• TASK STATEMENT: The answer must consist solely of the lines from the one with "Marinblå pikétröja från GANT - 1" through the last line of the data, copied exactly, with no pictures.

• SOURCE DATA:
──────────

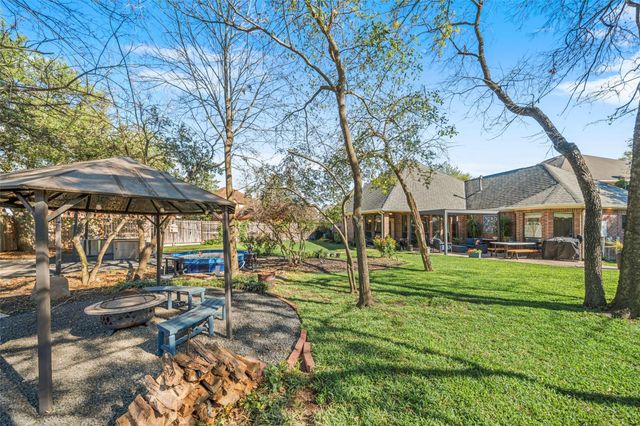 3713 Walden Estates Drive, Montgomery, TX 77356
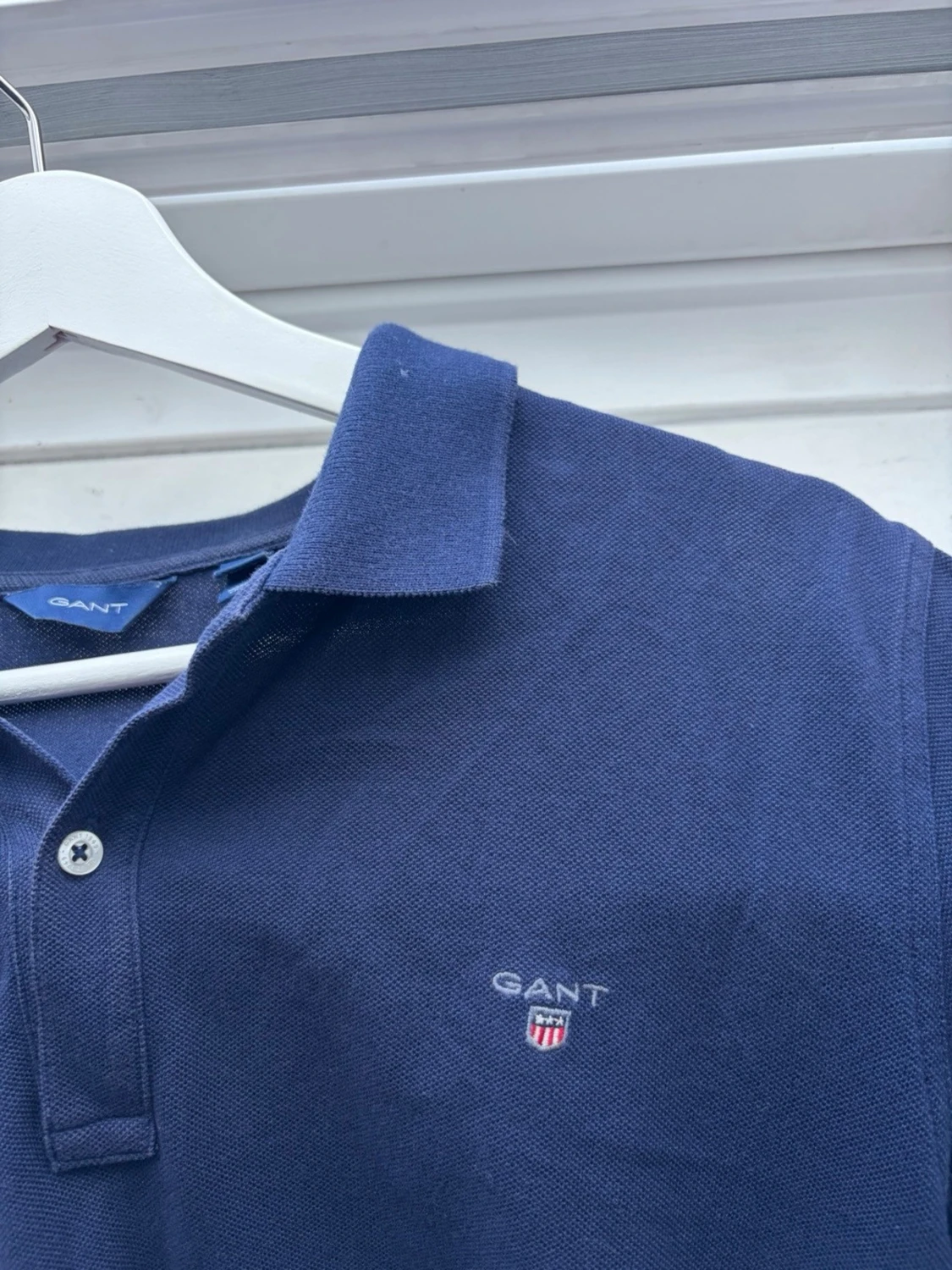 Marinblå pikétröja från GANT - 1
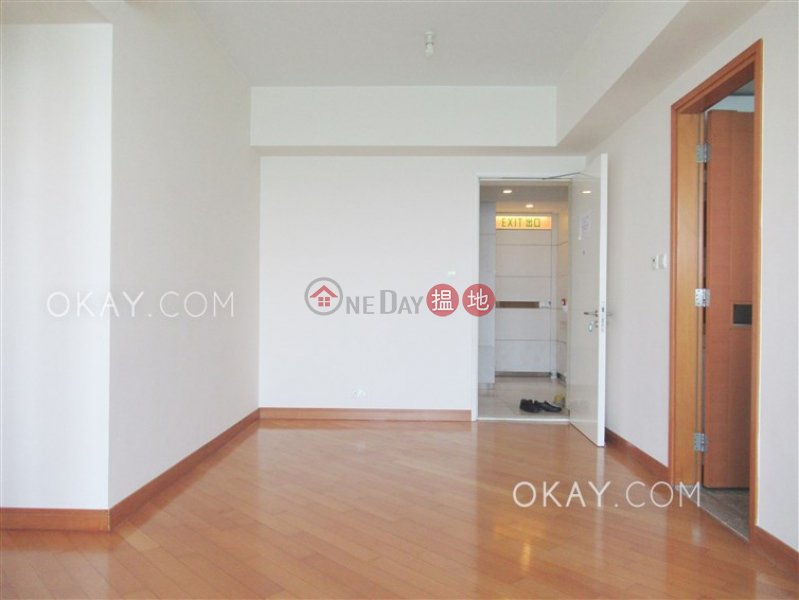 Nicely kept 2 bed on high floor with balcony & parking | For Sale 688 Bel-air Ave | Southern District Hong Kong Sales HK$ 23.8M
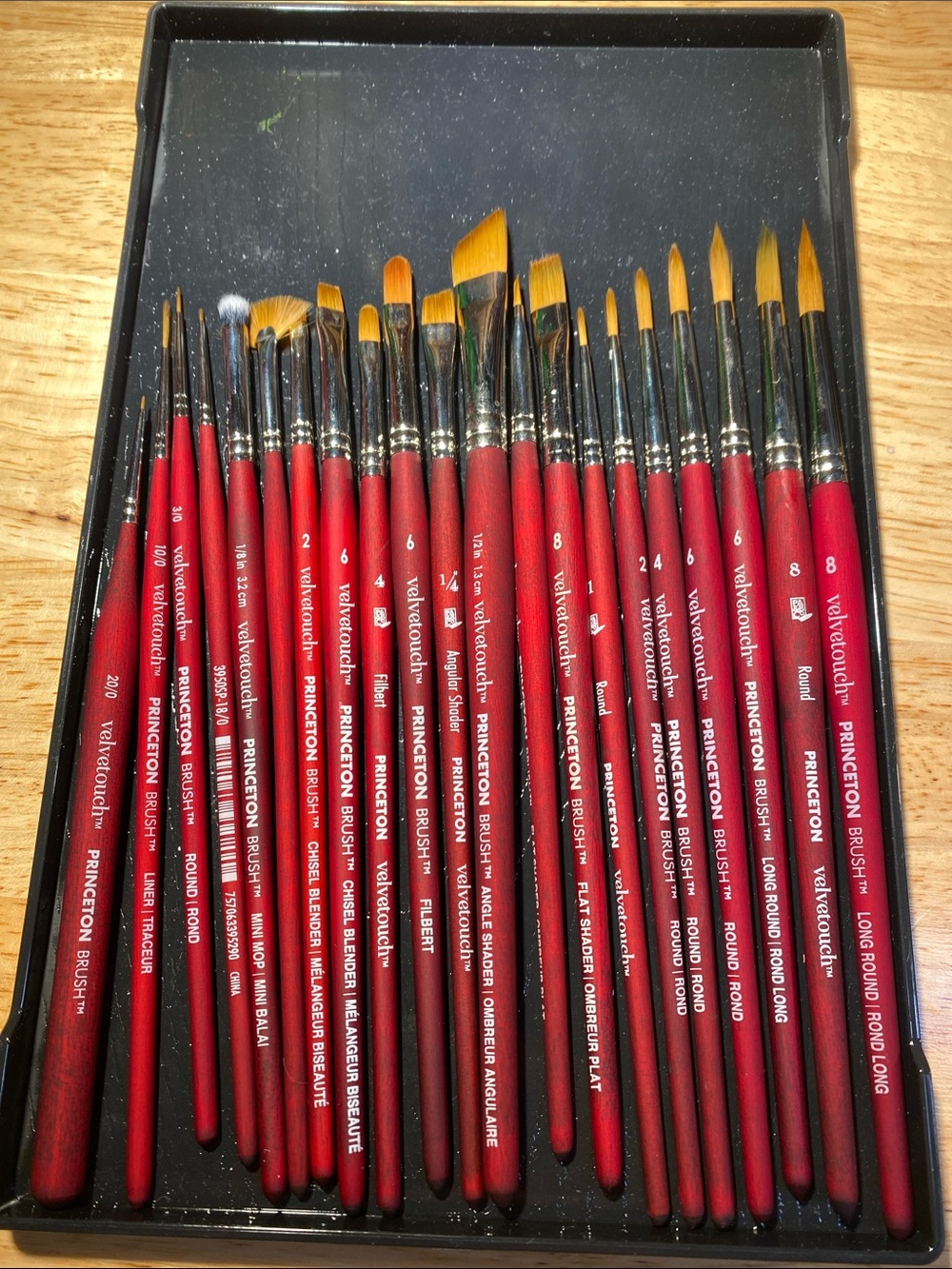 Princeton Brush - 21 Velvetouch brushes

──────────

• EXERCISE ANSWER:
 Marinblå pikétröja från GANT - 1
 Nicely kept 2 bed on high floor with balcony & parking | For Sale 688 Bel-air Ave | Southern District Hong Kong Sales HK$ 23.8M
 Princeton Brush - 21 Velvetouch brushes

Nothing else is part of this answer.